O machismo estrutural precisa ser assumido, compreendido e desconstruído pela nossa sociedade, uma transformação que passa pela tomada de consciência dos homens em relação a comportamentos tão arraigados e inconscientes, que muitos acreditam ser parte de nossa existência biológica.

Há muitas décadas nossa sociedade procura combater e transformar sistemas de desigualdades de raça, credo, sexo e classe social; particularmente nas questões de gênero, parece que o gap entre desejo e realidade aumenta na medida que todas iniciativas de empoderamento feminino e enfrentamento da violência colidem com o muro da secular ideologia patriarcal, numa sociedade que insiste em reforçar comportamentos de poder de dominação do homem e de submissão da mulher.

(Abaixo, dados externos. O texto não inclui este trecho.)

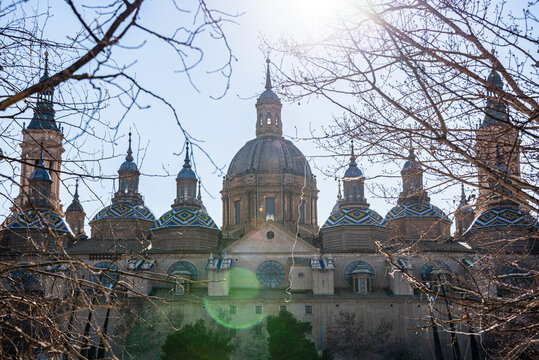 Intricate domes of Baslica del Pilar with sunlight through winter trees in Zaragoza, Spain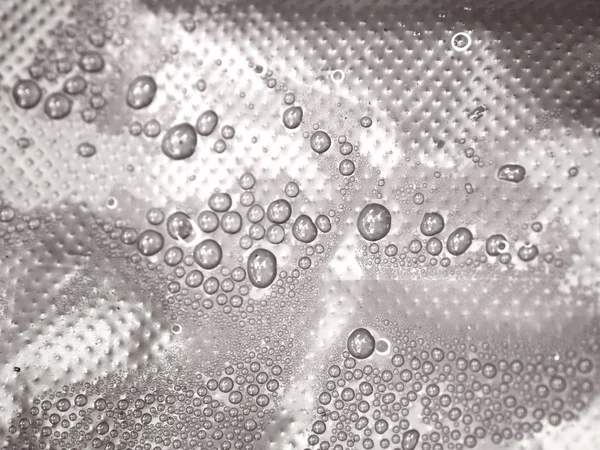 Condensation and drops on a Plastic with touches of color — Stock Photo, Image
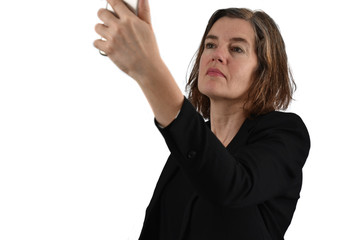 Attractive middle-aged woman with half-long graying hair makes a selfie with her phone. White background.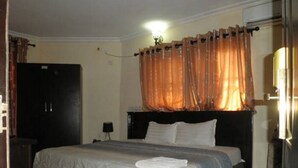 Habitació d'hotel amb un llit, un armari, una tauleta de nit i una làmpada.
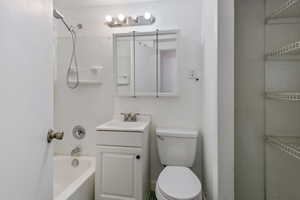 Full bathroom with vanity, toilet, and shower / bathing tub combination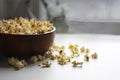 popcorn in a dish on the table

O desafio é gigantesco – homens e mulheres, todos fomos educados para o machismo. Banalizamos a desigualdade ao naturalizar a hierarquia de poder em falas do cotidiano: “só podia ser mulher”, “homem não chora”, “lugar de mulher é na cozinha”; e o que dizer de nosso cancioneiro popular onde homens e mulheres reproduzem canções que equiparam a mulher a um cavalo ou objeto de consumo.

Como mudar este cenário? Movimentos feministas lutam de forma estruturada desde o século XVIII, pelo direito a voz, voto e cidadania, promovendo grande transformação social e assegurando cada vez mais participação e empoderamento da mulher; leis e políticas públicas no mundo inteiro reconhecem e respaldam estes direitos, sobretudo no combate ao espectro mais perverso do machismo, a violência de gênero.

Todos estes movimentos são ainda insuficientes para alterar a “moral” que respalda o comportamento machista e que se apresenta não só nas relações pessoais entre homens e mulheres, mas se reproduz também nas instituições, na política, nas empresas, nas igrejas, nas práticas cotidianas, nos ritos e anedotas, ou seja, em tudo que constitui as relações sociais.

Voltamos a nós, homens criados e estruturados no escudo do machismo, que temos a oportunidade de refletir e interagir assertivamente para a sua desconstrução. Falo em tomada de consciência porque desde nosso nascimento reproduzimos de forma automática estes comportamentos, sem percebermos os danos que o machismo gera na sociedade como um todo.

Trata-se de evolução civilizatória, para tornar mais possível um mundo que almeja a humanização das relações, a cultura de paz, a comunicação não violenta, a prática da tolerância, a pluralidade, a inclusão e a diversidade (dimensões que se chocam com um pensar machista).

Um bom começo é compreender o conceito de masculinidades, padrões de comportamento que se mostram no cotidiano e que dizem muito do machismo enraizado em nós. Para representar este papel do macho, que nos é outorgado pela sociedade, nós homens suprimimos sentimentos, não cuidamos de nossa saúde (somos super-homens!), utilizamos a razão para firmar nossa “superioridade” em relação a mulher, competimos com outros machos, e temos uma profunda dificuldade em doar amor e afeto (coisas de “mulher”!), desequilibrando o dar-receber dos relacionamentos que vivenciamos.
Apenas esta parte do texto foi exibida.